Listen up, Washington: Focus on primary care

  | December 12, 2016

When it comes to healthcare policy, this is a time of both turmoil and opportunity. It's also a time for the stakeholders to speak. As Washington mulls the status of the Affordable Care Act and priorities for the future, athenaInsight asked physicians and healthcare executives to share their advice.

Here is the first installment from Michael Middleton, M.D.


On a recent trip to Washington, D.C., I heard plenty of buzz about healthcare, most of it around two topics: the ACA (what is going to happen to it now) and MACRA (its rollout and impact). Sometimes it seems like people forget we had a healthcare crisis long before these acronyms came on the scene.

Healthcare makes up roughly 40 percent of our nation's mandatory spending. For decades, costs have been going up without bringing outcomes and satisfaction with them. Now, add another negative factor to the equation — physician burnout.

There are lots of smart people committed to making healthcare work better. But their efforts must center on the system's biggest hope and need: strong primary care.

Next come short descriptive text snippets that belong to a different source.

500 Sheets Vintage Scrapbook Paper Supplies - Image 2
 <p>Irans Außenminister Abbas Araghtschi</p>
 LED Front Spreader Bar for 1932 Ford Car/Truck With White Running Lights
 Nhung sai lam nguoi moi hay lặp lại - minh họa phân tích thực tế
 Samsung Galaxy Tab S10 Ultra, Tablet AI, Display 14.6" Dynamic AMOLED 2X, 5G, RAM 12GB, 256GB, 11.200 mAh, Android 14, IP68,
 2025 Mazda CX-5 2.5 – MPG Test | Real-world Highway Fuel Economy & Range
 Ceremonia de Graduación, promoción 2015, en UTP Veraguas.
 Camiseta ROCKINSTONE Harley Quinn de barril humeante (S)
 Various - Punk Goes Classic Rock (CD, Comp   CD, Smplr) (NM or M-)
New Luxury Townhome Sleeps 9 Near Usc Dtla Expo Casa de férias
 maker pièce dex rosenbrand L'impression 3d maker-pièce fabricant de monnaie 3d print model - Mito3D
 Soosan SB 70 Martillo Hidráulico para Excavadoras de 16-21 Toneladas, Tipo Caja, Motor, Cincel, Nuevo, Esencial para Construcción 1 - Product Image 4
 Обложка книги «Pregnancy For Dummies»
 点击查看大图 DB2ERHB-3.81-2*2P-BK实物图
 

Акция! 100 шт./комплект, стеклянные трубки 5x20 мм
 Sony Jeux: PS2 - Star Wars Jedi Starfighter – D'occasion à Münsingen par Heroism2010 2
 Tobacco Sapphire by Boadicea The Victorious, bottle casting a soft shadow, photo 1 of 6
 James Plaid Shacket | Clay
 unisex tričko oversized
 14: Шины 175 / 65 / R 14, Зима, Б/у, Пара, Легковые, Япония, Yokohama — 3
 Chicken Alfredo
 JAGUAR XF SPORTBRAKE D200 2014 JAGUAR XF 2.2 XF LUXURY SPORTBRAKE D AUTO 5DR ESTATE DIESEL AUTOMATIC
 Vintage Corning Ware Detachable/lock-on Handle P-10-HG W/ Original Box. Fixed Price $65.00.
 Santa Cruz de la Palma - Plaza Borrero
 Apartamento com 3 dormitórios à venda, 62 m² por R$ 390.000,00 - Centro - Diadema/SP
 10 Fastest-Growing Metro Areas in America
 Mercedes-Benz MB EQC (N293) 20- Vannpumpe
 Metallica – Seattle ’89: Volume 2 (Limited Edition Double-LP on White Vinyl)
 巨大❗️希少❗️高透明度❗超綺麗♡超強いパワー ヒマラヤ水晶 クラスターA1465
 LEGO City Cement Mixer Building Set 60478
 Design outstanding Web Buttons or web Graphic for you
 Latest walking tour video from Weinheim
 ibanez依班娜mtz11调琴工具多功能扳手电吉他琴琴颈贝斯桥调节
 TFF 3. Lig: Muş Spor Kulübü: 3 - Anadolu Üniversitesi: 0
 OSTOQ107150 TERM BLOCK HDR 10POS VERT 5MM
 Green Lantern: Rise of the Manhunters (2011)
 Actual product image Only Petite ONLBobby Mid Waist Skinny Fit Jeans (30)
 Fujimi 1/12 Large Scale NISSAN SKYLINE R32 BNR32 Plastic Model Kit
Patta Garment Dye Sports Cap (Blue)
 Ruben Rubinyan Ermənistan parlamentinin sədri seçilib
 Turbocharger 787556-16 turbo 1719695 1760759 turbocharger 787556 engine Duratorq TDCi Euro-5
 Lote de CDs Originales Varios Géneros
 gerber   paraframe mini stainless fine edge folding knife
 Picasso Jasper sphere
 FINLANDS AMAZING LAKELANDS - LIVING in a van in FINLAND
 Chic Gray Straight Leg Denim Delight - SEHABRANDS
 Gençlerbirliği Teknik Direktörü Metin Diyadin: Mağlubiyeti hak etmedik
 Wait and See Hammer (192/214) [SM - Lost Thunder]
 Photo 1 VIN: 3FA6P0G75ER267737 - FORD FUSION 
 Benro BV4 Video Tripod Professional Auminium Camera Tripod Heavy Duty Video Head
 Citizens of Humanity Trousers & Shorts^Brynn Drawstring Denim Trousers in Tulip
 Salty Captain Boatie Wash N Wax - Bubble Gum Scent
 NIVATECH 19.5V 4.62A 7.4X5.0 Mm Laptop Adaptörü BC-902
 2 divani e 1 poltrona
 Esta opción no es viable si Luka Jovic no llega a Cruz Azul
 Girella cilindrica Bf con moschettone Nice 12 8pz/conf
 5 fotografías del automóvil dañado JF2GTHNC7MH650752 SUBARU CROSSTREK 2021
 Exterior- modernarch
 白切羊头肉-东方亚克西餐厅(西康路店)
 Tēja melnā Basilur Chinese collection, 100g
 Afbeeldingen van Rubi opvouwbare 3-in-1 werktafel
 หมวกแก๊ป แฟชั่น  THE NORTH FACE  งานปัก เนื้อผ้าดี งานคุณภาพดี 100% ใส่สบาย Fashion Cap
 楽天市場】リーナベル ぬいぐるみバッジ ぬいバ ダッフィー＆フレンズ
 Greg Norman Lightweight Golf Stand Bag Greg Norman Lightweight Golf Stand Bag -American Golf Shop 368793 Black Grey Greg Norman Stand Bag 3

Most would agree that good primary care saves money, improves outcomes, and increases patient satisfaction. Therefore, any solutions put forth must promote and protect good primary care while simultaneously addressing the factors contributing to physician burnout.

In the past few years, this hasn't happened. In fact, as an independent primary care provider, I see three ways current trends and regulations have been making things worse:

  • Increasing the cost of delivering healthcare by increasing the administrative burden.
  • Preventing needed innovation because the focus and resources of the industry are occupied with meeting the ever-changing regulations.
  • Disproportionately affecting small practices, which lack the administrative infrastructure to address these regulations in ways required. This leads smaller practices to feel forced to consolidate, further “institutionalizing" the doctor-patient relationship.

Here's how the movers and shakers in Washington can improve healthcare with primary care in mind:

  • Value-based reimbursements: Move forward with them, but involve practicing, independent primary care physicians in these strategies. Increasing the financial incentives for wellness and cost reduction is our best attempt to simultaneously reduce costs and improve outcomes. This is already happening with shared savings programs and patient-centered medical homes. We can't stop the progress now.
  • Transparency of costs: As primary care physicians, we already help patients navigate their healthcare options, from specialists to ancillary services. By knowing the costs involved, we can also guide patients to high-quality/lower cost services.
  • Simpler interoperability: Since primary care physicians provide the medical home for patients, we bare most of the burden of accumulating and assimilating all patient records. And the less various healthcare entities are able to talk to one another, the more “translating" and transcribing we must do. This is another administratively taxing, non-reimbursed burden of primary care.

We have an opportunity now to create meaningful change — and I hope voices from those serving patients in primary care are seen as vital contributors to the discussion.

Otherwise, we might be headed for more of the same.

Michael Middleton, M.D., is a pediatrician in Orlando, Florida.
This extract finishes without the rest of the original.